Não existem quaisquer sinais nas paredes atrás do fogão. Enquanto o acendo, numa das bocas cuidadosamente coloco uma panela com água. A única sinalização, principiada a fervura da água, é aquela trazida pela minha memória que, ainda que não seja um líquido, parece ter propriedades que carecem, clamam por entrar em ebulição no gesto doméstico mais simples. Então seus olhos surgem na chama, entre o amarelo e o rubro, que, vil fogo que em mim põe-se a arder, não sabe definir o que sou ou sinto, sendo sentimento de profundidade abstrata.

Lembro-me, olhando para água que se aquece (indo-se embora sem permissão), das preces cândidas, todavia inalcançáveis em Dia de Finados, dos parentes aos mortos, sobre as lápides, que jamais irão ressuscitá-los de seus sepulcros, não importa o quanto foram amados — evaporaram-se suas carnes avermelhadas, como pela chama o vermelho agora descasca o negro da panela que, mesmo ela aço inoxidável, evapora tudo, menos minha lembrança ressuscitada: nela você me vem tão doce e morna; com ternura até maior do que tinha antes, com gestos mais delicados do que lembrava-me possuir; o perfume invade a cozinha e se sobrepõe ao cheiro afável dos alimentos; chego a arfar o peito, como se quisesse aspirar, no vácuo, um ar que não existisse.

Porém, súbito dou-me conta que a água quase totalmente subtraiu-se da panela, sendo visível seu fundo seco como está meu peito enxugado.

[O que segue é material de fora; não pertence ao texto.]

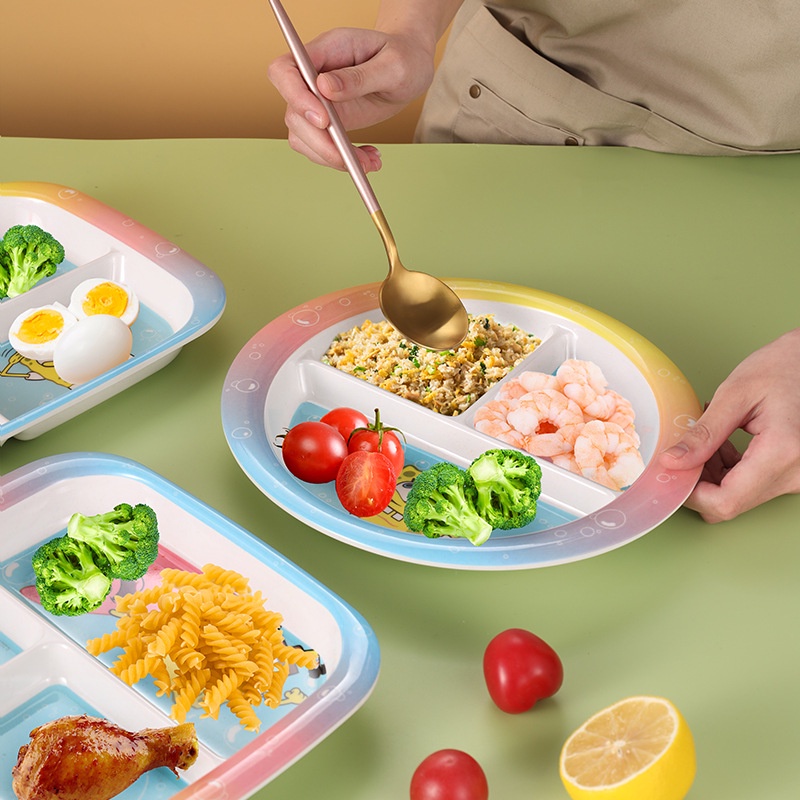 Khay Đựng Thức Ăn Bằng Sợi Tre Họa Tiết Hoạt Hình Dễ Thương Cho Bé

E talvez seja uma boa decisão não fazer o almoço em casa desta vez, optando pela refeição tardia, diante de companhias vazias num shopping center entre casais tolos — logo após seus estômagos cheios e guardanapos sujados, o que mais fazem é olhar as vitrines, a olhar panelas de aço inox de última tecnologia — essas contém o vapor a todo custo.